Source records

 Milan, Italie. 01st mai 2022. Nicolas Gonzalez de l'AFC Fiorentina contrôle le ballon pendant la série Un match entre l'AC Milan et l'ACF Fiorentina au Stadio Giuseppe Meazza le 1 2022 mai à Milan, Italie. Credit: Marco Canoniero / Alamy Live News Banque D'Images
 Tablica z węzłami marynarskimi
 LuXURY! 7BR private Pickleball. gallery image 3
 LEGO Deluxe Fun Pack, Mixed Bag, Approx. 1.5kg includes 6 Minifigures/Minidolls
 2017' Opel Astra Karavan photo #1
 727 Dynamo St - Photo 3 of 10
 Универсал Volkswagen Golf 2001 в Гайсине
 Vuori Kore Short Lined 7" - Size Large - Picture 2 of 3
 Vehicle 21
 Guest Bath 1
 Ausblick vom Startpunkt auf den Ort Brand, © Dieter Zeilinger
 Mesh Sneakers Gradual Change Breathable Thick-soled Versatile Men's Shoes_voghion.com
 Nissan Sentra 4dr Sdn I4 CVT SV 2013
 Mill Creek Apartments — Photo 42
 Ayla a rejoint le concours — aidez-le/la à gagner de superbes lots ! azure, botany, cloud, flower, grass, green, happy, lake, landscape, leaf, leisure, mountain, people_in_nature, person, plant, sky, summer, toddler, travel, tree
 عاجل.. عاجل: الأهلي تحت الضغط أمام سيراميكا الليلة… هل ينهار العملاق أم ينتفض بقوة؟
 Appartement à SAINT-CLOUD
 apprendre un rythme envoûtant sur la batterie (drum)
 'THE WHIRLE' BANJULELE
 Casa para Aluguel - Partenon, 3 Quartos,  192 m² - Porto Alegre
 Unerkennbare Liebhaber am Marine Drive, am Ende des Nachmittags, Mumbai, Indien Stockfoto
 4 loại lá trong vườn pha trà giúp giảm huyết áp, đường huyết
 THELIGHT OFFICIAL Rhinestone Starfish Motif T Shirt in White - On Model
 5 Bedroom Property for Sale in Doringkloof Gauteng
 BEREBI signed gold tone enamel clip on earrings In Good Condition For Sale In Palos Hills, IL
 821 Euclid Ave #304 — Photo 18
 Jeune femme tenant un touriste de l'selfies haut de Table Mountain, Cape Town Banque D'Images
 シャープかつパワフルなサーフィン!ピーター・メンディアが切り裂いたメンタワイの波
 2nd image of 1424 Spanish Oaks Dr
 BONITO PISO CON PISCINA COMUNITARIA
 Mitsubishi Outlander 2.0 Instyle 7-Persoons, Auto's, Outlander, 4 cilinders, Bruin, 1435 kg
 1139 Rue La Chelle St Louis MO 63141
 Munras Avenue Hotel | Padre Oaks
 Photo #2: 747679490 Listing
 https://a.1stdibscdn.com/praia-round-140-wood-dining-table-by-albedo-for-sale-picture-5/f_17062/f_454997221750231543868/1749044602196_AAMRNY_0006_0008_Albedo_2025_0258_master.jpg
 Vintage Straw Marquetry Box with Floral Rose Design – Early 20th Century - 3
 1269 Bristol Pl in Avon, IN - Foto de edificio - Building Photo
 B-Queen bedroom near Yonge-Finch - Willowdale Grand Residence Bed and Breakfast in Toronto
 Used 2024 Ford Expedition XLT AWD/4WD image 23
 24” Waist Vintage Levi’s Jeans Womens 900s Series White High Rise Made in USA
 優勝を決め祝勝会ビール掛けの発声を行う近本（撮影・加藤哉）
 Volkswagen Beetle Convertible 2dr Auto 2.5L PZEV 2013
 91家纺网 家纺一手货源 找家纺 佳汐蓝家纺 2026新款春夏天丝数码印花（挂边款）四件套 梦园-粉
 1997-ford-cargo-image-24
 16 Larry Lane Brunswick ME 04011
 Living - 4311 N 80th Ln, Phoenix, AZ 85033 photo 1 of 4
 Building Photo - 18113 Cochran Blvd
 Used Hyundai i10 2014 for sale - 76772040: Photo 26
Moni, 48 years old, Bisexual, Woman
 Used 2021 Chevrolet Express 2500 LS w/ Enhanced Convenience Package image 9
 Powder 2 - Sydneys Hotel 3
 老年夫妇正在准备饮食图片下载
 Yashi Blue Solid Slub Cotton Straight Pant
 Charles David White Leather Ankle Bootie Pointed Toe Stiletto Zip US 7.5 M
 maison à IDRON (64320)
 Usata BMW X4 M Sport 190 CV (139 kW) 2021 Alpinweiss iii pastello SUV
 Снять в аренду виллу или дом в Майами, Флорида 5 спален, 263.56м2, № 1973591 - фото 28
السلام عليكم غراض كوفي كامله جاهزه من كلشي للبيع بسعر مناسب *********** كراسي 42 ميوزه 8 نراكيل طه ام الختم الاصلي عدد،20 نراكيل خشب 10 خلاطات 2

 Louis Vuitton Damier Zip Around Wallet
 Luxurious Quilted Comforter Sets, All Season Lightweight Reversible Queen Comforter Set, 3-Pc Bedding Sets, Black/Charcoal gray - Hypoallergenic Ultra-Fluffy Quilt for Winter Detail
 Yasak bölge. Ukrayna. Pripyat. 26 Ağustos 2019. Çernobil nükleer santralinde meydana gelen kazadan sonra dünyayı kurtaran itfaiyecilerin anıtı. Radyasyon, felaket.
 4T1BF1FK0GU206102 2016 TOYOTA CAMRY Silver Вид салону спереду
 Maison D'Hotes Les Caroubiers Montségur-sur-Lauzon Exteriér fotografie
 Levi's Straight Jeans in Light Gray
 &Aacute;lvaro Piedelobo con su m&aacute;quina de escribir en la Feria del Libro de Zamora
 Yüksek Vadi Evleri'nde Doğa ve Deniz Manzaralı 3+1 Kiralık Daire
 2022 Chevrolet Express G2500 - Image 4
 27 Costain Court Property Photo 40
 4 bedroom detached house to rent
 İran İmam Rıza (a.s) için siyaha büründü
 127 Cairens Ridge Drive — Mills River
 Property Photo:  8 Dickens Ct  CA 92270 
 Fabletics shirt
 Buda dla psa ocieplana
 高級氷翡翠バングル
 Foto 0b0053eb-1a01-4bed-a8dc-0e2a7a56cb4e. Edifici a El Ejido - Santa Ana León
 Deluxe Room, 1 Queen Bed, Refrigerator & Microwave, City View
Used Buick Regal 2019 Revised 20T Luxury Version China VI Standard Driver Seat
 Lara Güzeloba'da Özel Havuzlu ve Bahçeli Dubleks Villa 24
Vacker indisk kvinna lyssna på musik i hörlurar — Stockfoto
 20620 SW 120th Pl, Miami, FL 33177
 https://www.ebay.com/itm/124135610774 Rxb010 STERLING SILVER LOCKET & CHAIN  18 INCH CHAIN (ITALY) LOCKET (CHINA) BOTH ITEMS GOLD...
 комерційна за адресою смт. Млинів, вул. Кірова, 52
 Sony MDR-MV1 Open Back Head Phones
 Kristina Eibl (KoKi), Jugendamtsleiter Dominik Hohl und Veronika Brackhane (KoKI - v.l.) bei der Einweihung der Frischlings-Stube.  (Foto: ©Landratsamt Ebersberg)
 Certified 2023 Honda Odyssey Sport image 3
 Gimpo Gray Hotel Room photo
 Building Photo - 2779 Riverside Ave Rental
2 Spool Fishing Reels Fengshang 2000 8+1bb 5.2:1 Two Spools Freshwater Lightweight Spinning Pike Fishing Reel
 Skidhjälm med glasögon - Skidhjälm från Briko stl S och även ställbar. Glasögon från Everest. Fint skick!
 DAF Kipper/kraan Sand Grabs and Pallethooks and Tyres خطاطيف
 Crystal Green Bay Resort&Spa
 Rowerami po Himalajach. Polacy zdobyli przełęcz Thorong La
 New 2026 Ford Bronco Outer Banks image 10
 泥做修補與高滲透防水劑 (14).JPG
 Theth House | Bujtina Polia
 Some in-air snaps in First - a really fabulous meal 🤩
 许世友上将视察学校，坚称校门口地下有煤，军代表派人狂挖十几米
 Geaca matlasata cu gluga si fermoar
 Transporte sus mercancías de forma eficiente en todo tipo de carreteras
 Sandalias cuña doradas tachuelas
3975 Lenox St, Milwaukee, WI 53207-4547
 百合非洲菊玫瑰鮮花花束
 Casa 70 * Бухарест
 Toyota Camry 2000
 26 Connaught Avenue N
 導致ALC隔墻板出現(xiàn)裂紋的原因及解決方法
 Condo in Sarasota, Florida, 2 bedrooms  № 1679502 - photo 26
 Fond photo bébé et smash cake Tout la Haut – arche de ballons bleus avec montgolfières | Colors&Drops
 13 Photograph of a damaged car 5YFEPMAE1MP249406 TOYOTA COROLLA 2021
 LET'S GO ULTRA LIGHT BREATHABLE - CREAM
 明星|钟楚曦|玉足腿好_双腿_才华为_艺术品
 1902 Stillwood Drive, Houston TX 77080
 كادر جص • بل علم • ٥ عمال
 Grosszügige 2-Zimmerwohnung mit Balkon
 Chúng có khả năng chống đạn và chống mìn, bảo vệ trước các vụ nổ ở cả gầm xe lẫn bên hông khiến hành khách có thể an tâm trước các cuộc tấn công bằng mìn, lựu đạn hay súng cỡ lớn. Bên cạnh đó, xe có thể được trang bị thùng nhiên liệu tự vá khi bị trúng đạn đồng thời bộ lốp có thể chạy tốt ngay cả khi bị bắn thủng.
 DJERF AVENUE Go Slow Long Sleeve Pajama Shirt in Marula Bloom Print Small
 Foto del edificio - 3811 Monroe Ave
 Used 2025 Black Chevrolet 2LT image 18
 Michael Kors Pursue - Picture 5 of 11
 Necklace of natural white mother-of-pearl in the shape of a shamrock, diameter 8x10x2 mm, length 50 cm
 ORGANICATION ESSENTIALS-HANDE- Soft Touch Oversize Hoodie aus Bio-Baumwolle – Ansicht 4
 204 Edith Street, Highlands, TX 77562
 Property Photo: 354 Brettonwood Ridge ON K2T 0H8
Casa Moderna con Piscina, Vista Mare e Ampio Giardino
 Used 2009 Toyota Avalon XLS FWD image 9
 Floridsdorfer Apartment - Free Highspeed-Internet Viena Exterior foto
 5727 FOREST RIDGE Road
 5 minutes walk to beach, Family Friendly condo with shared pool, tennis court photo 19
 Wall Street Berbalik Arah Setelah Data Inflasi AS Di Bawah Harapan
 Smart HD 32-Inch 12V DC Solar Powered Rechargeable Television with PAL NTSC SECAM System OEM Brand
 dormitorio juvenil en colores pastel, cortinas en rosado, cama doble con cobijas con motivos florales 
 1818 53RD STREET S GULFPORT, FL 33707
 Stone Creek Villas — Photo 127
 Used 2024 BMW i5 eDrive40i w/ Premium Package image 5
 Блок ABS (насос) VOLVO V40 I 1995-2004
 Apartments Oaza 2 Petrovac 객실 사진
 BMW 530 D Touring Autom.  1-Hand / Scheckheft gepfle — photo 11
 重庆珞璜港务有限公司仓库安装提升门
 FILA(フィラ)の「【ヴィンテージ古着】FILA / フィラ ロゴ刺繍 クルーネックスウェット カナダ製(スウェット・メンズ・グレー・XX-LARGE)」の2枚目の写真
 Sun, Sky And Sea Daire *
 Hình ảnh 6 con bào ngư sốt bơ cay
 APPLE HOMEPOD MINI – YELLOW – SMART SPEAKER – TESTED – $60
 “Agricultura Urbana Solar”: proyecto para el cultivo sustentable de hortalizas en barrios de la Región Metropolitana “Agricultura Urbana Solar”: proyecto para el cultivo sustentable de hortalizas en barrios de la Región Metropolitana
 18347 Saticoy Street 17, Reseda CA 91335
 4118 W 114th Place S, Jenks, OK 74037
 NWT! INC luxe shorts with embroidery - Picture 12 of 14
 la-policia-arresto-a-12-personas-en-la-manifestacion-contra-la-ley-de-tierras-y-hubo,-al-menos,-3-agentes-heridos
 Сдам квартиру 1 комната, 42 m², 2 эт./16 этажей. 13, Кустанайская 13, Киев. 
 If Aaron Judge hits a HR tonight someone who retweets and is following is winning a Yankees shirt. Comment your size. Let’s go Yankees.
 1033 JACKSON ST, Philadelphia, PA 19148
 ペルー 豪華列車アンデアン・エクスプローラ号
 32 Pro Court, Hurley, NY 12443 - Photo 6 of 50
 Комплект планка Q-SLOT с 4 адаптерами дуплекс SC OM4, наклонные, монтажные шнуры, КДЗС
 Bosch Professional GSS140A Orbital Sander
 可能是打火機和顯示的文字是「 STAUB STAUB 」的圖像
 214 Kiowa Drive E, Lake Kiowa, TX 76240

ASSIGNMENT: Transcribe verbatim. Cover the lines from the first line of the entries above to the line containing "Mill Creek Apartments — Photo 42", inclusive.

SOLUTION BELOW:
 Milan, Italie. 01st mai 2022. Nicolas Gonzalez de l'AFC Fiorentina contrôle le ballon pendant la série Un match entre l'AC Milan et l'ACF Fiorentina au Stadio Giuseppe Meazza le 1 2022 mai à Milan, Italie. Credit: Marco Canoniero / Alamy Live News Banque D'Images
 Tablica z węzłami marynarskimi
 LuXURY! 7BR private Pickleball. gallery image 3
 LEGO Deluxe Fun Pack, Mixed Bag, Approx. 1.5kg includes 6 Minifigures/Minidolls
 2017' Opel Astra Karavan photo #1
 727 Dynamo St - Photo 3 of 10
 Универсал Volkswagen Golf 2001 в Гайсине
 Vuori Kore Short Lined 7" - Size Large - Picture 2 of 3
 Vehicle 21
 Guest Bath 1
 Ausblick vom Startpunkt auf den Ort Brand, © Dieter Zeilinger
 Mesh Sneakers Gradual Change Breathable Thick-soled Versatile Men's Shoes_voghion.com
 Nissan Sentra 4dr Sdn I4 CVT SV 2013
 Mill Creek Apartments — Photo 42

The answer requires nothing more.